PROBLEM STATEMENT - Each line of the data must be written out again verbatim; no image belongs in the copy.

DATASET RECORDS -
↓
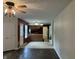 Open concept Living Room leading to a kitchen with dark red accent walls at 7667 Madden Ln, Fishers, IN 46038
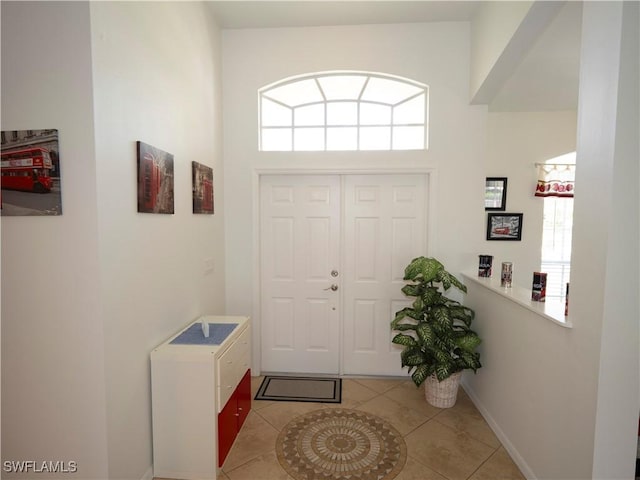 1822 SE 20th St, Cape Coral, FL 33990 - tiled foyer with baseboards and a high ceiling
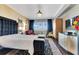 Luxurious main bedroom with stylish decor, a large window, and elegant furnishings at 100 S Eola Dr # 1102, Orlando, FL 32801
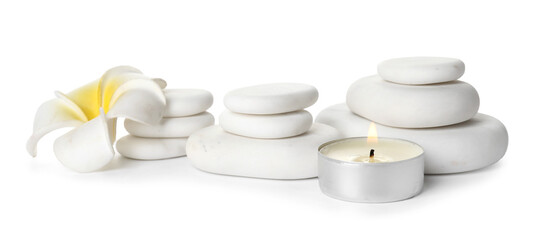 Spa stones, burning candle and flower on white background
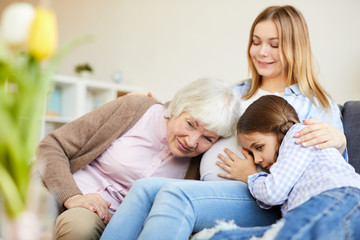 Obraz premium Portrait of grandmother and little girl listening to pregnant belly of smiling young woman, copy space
↑
RESULT -
 Open concept Living Room leading to a kitchen with dark red accent walls at 7667 Madden Ln, Fishers, IN 46038
 1822 SE 20th St, Cape Coral, FL 33990 - tiled foyer with baseboards and a high ceiling
 Luxurious main bedroom with stylish decor, a large window, and elegant furnishings at 100 S Eola Dr # 1102, Orlando, FL 32801
 Spa stones, burning candle and flower on white background
 Obraz premium Portrait of grandmother and little girl listening to pregnant belly of smiling young woman, copy space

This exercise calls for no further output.